[REGRESSION?] scsi: sas: wildcard user scan may iterate over huge max

public inbox for linux-scsi@vger.kernel.org
 help / color / mirror / Atom feed

* [REGRESSION?] scsi: sas: wildcard user scan may iterate over huge max_id
@ 2026-03-28  2:28 Li Lingfeng
  2026-03-30  8:08 ` Li Lingfeng
  2026-03-30 12:18 ` James Bottomley
  0 siblings, 2 replies; 4+ messages in thread
From: Li Lingfeng @ 2026-03-28  2:28 UTC (permalink / raw)
  To: ranjan.kumar
  Cc: linux-scsi, jejb, martin.petersen, linux-kernel@vger.kernel.org,
	rajsekhar.chundru, sathya.prakash, sumit.saxena,
	chandrakanth.patil, prayas.patel, yangerkun, zhangyi (F), Hou Tao,
	chengzhihao1@huawei.com, jiangjianjun3, yuancan

Hi,

I think commit 37c4e72b0651 ("scsi: Fix sas_user_scan() to handle wildcard
and multi-channel scans") may introduce a regression for wildcard scans on
some SAS hosts.

Userspace trigger:

   echo "- - -" > /sys/class/scsi_host/host0/scan

results in:

   channel = SCAN_WILD_CARD
   id      = SCAN_WILD_CARD
   lun     = SCAN_WILD_CARD

Before this commit, sas_user_scan() iterated sas_host->rphy_list and called
scsi_scan_target() for matching rphys. In effect, scanning was limited to
channel 0 and to target ids present in sas_host->rphy_list.

After this commit, sas_user_scan() does:

   - scan channel 0 via scan_channel_zero()
   - scan channels 1..shost->max_channel via scsi_scan_host_selected()

When id == SCAN_WILD_CARD, the latter path goes through
scsi_scan_channel(), which iterates ids from 0 to shost->max_id.
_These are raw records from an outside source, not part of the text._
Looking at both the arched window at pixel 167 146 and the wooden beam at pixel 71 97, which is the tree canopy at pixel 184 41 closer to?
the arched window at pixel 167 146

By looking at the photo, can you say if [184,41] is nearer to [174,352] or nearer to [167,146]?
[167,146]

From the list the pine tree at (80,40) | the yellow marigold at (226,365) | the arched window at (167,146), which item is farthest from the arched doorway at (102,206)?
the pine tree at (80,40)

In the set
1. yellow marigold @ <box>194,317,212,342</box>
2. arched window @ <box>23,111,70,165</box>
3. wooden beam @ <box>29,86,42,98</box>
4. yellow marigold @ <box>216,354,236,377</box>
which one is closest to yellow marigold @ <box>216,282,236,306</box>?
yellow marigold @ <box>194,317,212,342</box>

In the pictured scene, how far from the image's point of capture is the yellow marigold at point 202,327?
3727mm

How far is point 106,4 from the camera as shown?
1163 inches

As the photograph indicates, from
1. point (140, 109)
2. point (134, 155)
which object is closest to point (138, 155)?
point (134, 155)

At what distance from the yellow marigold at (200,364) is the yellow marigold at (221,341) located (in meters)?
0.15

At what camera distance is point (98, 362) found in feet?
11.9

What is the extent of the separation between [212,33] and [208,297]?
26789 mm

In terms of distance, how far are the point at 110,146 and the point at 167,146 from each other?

This looks problematic for drivers that use a very large max_id. For
example, smartpqi sets:

   shost->max_id = ~0;

In that case, a wildcard scan may end up iterating from id 0 to ~0 in
scsi_scan_channel(). In my testing/analysis, this makes the scan take a
very long time, and the id-space walk itself does not seem meaningful for
this SAS transport scan path.

So while the commit fixes incomplete wildcard channel handling, it also
appears to expand the id scan range from:

   sas_host->rphy_list target ids

to:

   0..shost->max_id

for the additional channels.

It seems to me that wildcard SAS scans should probably remain bounded by
transport-discovered SAS targets, instead of falling back to a host-wide
id enumeration for the extra channels. One possible direction may be to
avoid calling scsi_scan_host_selected() with id == SCAN_WILD_CARD from
sas_user_scan(), or otherwise constrain the id range in a transport-aware
way.

Am I understanding this correctly? If so, what would be the preferred way
to address this? I would appreciate feedback on whether this is considered
a real regression, and on the best fix direction.

Thanks,
Lingfeng.

^ permalink raw reply	[flat|nested] 4+ messages in thread

* Re: [REGRESSION?] scsi: sas: wildcard user scan may iterate over huge max_id
  2026-03-28  2:28 [REGRESSION?] scsi: sas: wildcard user scan may iterate over huge max_id Li Lingfeng
@ 2026-03-30  8:08 ` Li Lingfeng
  2026-03-30 12:18 ` James Bottomley
  1 sibling, 0 replies; 4+ messages in thread
From: Li Lingfeng @ 2026-03-30  8:08 UTC (permalink / raw)
  To: ranjan.kumar
  Cc: linux-scsi, jejb, martin.petersen, linux-kernel@vger.kernel.org,
	rajsekhar.chundru, sathya.prakash, sumit.saxena,
	chandrakanth.patil, prayas.patel, yangerkun, zhangyi (F), Hou Tao,
	chengzhihao1@huawei.com, jiangjianjun3, yuancan

Hi,

I have one more question after looking at the SAS scan paths a bit more.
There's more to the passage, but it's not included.